WHAT TO DO
Your answer should hold exactly the lines from the line containing "Bursada metro hattına" through the end of the entries that follow.

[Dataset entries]
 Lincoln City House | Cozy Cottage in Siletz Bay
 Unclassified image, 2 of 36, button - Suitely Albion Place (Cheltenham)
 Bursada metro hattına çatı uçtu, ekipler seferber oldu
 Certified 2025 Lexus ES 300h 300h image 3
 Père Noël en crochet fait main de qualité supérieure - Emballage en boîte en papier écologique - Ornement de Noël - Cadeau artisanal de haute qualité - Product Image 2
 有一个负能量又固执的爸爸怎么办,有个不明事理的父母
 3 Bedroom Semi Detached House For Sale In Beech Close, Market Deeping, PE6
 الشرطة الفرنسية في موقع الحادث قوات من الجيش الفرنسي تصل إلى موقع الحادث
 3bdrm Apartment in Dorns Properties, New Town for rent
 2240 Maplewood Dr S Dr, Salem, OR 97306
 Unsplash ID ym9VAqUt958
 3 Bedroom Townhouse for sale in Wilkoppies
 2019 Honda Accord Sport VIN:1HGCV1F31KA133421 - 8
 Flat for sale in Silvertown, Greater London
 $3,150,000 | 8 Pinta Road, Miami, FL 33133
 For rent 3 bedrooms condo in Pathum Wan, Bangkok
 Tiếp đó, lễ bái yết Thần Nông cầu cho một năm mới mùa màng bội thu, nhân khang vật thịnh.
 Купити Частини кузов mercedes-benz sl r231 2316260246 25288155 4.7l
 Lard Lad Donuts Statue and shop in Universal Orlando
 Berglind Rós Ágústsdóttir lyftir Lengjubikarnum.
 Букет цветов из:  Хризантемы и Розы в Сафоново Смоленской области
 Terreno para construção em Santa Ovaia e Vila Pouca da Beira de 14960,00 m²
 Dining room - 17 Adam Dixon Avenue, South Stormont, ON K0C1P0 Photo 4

FINISHED EXERCISE
 Bursada metro hattına çatı uçtu, ekipler seferber oldu
 Certified 2025 Lexus ES 300h 300h image 3
 Père Noël en crochet fait main de qualité supérieure - Emballage en boîte en papier écologique - Ornement de Noël - Cadeau artisanal de haute qualité - Product Image 2
 有一个负能量又固执的爸爸怎么办,有个不明事理的父母
 3 Bedroom Semi Detached House For Sale In Beech Close, Market Deeping, PE6
 الشرطة الفرنسية في موقع الحادث قوات من الجيش الفرنسي تصل إلى موقع الحادث
 3bdrm Apartment in Dorns Properties, New Town for rent
 2240 Maplewood Dr S Dr, Salem, OR 97306
 Unsplash ID ym9VAqUt958
 3 Bedroom Townhouse for sale in Wilkoppies
 2019 Honda Accord Sport VIN:1HGCV1F31KA133421 - 8
 Flat for sale in Silvertown, Greater London
 $3,150,000 | 8 Pinta Road, Miami, FL 33133
 For rent 3 bedrooms condo in Pathum Wan, Bangkok
 Tiếp đó, lễ bái yết Thần Nông cầu cho một năm mới mùa màng bội thu, nhân khang vật thịnh.
 Купити Частини кузов mercedes-benz sl r231 2316260246 25288155 4.7l
 Lard Lad Donuts Statue and shop in Universal Orlando
 Berglind Rós Ágústsdóttir lyftir Lengjubikarnum.
 Букет цветов из:  Хризантемы и Розы в Сафоново Смоленской области
 Terreno para construção em Santa Ovaia e Vila Pouca da Beira de 14960,00 m²
 Dining room - 17 Adam Dixon Avenue, South Stormont, ON K0C1P0 Photo 4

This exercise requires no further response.